It’s going to be a hot next few weeks in Louisville, with temperatures projected to reach the upper 80s or 90s almost every day.
Flavio Lehner says to get used to it.
Lehner, a post-doctoral researcher at the National Center for Atmospheric Research, is the author of a study on summer temperature projections. Using climate forecasting data, he and his colleagues found that if carbon dioxide emissions continue on their current pace, it’ll translate to hotter summers for most of the globe.
“Towards the end of this century, under a scenario where we continue emitting greenhouse gas unabated, you will see a very large chance that basically every summer in most parts of the world will be as hot or hotter than the hottest we’ve seen up to date,” Lehner said.
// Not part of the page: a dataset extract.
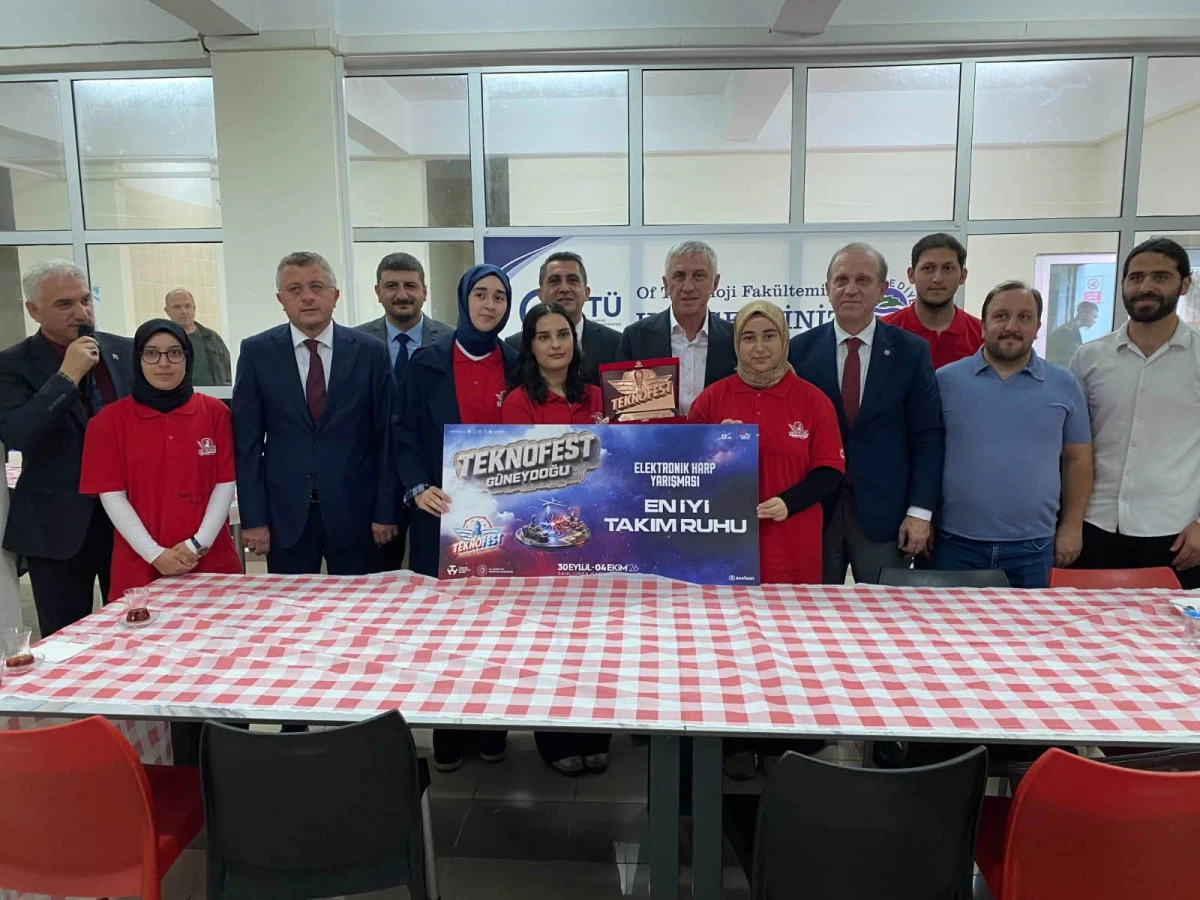 Başkan Sarıalioğlu, Of Teknoloji Fak&uuml;ltesi &ouml;ğrencileriyle kahvaltıda buluştu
For the years 2061-81, the probability that any summer would be record-setting is about 80 percent, Lehner said, though for some areas, it’s higher. Under another scenario, where greenhouse gas emissions are reduced, the probability drops to 41 percent.
Lehner said that’s the silver lining of the study.
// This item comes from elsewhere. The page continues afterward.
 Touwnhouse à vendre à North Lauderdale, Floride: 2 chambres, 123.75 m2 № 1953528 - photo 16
“Obviously, we found an uncomfortable and very high risk of seeing these very hot summers on a regular basis in the future,” he said. “But we also saw that by mitigating some of this warming by reducing emissions, we could actually show that in particular regions where a lot of people live, those regions can see a strong reduction of this.”
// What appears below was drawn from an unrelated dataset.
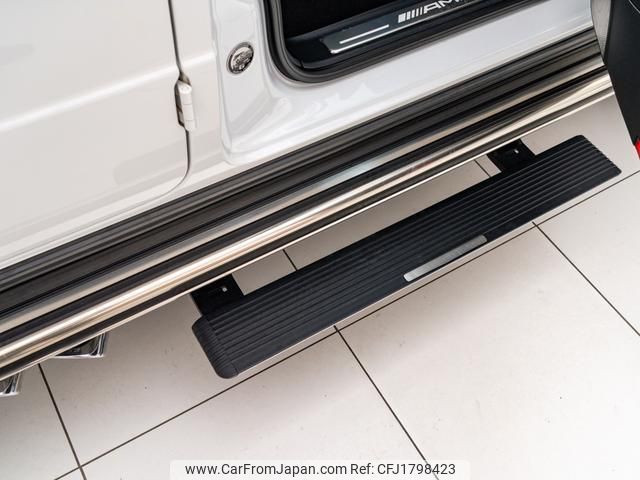 mercedes-benz g-class 2023 CFJ1798423 image 2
He noted that the “greenhouse gas reduction” scenario he used is a pretty moderate scenario, and one that wouldn’t even limit the planet’s warming to 2 degrees Celsius. That’s the limit many scientists are advocating. But the summer heat benefits of these potential emissions cuts wouldn’t be spread evenly.
Instead, Lehner found that some areas — including the U.S. East Coast — would still have a 90 percent chance of being as hot or hotter than record summers, even if carbon dioxide emissions are reduced. But there will be substantial benefits in places like Brazil, central Europe and eastern China.
Besides making some areas of the Earth very uncomfortable in the summer, Lehner said such high temperatures would likely affect agriculture and health.